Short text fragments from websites

* * *

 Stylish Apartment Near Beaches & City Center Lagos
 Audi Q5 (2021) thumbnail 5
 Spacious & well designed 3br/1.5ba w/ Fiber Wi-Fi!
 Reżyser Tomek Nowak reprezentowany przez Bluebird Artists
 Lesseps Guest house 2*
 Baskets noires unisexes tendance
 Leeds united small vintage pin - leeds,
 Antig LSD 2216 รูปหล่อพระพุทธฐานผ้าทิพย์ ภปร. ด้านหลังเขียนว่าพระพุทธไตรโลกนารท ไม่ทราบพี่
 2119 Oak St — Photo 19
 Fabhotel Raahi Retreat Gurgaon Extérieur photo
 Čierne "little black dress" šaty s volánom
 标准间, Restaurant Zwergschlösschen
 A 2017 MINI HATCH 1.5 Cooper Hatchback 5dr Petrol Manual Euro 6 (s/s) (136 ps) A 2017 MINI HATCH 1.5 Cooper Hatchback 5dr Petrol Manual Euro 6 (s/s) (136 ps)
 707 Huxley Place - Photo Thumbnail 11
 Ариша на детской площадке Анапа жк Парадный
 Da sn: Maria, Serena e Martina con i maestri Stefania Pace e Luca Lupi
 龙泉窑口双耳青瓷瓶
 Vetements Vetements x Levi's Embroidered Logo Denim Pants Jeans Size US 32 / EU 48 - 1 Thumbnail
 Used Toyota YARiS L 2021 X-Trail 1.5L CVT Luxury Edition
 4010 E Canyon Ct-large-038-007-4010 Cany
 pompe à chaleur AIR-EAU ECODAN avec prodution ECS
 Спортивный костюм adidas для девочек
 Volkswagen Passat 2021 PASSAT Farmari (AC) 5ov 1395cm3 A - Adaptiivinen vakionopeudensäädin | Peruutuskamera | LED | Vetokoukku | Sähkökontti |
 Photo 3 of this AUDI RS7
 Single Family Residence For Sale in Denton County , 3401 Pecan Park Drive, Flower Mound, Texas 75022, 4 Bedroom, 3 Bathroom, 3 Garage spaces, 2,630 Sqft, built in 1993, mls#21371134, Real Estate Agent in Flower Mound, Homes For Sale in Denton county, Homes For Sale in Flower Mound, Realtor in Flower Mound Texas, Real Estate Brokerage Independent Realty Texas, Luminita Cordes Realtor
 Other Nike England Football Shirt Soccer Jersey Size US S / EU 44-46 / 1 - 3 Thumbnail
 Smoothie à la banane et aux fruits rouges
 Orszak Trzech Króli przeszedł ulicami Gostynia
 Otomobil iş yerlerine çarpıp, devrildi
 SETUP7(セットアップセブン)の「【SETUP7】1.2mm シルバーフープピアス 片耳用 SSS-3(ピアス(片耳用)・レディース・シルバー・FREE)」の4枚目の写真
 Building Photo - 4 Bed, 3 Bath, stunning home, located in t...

* * *

• [Work instructions]: Retype the entries. Every line must match exactly.

• [Task answer]:
 Stylish Apartment Near Beaches & City Center Lagos
 Audi Q5 (2021) thumbnail 5
 Spacious & well designed 3br/1.5ba w/ Fiber Wi-Fi!
 Reżyser Tomek Nowak reprezentowany przez Bluebird Artists
 Lesseps Guest house 2*
 Baskets noires unisexes tendance
 Leeds united small vintage pin - leeds,
 Antig LSD 2216 รูปหล่อพระพุทธฐานผ้าทิพย์ ภปร. ด้านหลังเขียนว่าพระพุทธไตรโลกนารท ไม่ทราบพี่
 2119 Oak St — Photo 19
 Fabhotel Raahi Retreat Gurgaon Extérieur photo
 Čierne "little black dress" šaty s volánom
 标准间, Restaurant Zwergschlösschen
 A 2017 MINI HATCH 1.5 Cooper Hatchback 5dr Petrol Manual Euro 6 (s/s) (136 ps) A 2017 MINI HATCH 1.5 Cooper Hatchback 5dr Petrol Manual Euro 6 (s/s) (136 ps)
 707 Huxley Place - Photo Thumbnail 11
 Ариша на детской площадке Анапа жк Парадный
 Da sn: Maria, Serena e Martina con i maestri Stefania Pace e Luca Lupi
 龙泉窑口双耳青瓷瓶
 Vetements Vetements x Levi's Embroidered Logo Denim Pants Jeans Size US 32 / EU 48 - 1 Thumbnail
 Used Toyota YARiS L 2021 X-Trail 1.5L CVT Luxury Edition
 4010 E Canyon Ct-large-038-007-4010 Cany
 pompe à chaleur AIR-EAU ECODAN avec prodution ECS
 Спортивный костюм adidas для девочек
 Volkswagen Passat 2021 PASSAT Farmari (AC) 5ov 1395cm3 A - Adaptiivinen vakionopeudensäädin | Peruutuskamera | LED | Vetokoukku | Sähkökontti |
 Photo 3 of this AUDI RS7
 Single Family Residence For Sale in Denton County , 3401 Pecan Park Drive, Flower Mound, Texas 75022, 4 Bedroom, 3 Bathroom, 3 Garage spaces, 2,630 Sqft, built in 1993, mls#21371134, Real Estate Agent in Flower Mound, Homes For Sale in Denton county, Homes For Sale in Flower Mound, Realtor in Flower Mound Texas, Real Estate Brokerage Independent Realty Texas, Luminita Cordes Realtor
 Other Nike England Football Shirt Soccer Jersey Size US S / EU 44-46 / 1 - 3 Thumbnail
 Smoothie à la banane et aux fruits rouges
 Orszak Trzech Króli przeszedł ulicami Gostynia
 Otomobil iş yerlerine çarpıp, devrildi
 SETUP7(セットアップセブン)の「【SETUP7】1.2mm シルバーフープピアス 片耳用 SSS-3(ピアス(片耳用)・レディース・シルバー・FREE)」の4枚目の写真
 Building Photo - 4 Bed, 3 Bath, stunning home, located in t...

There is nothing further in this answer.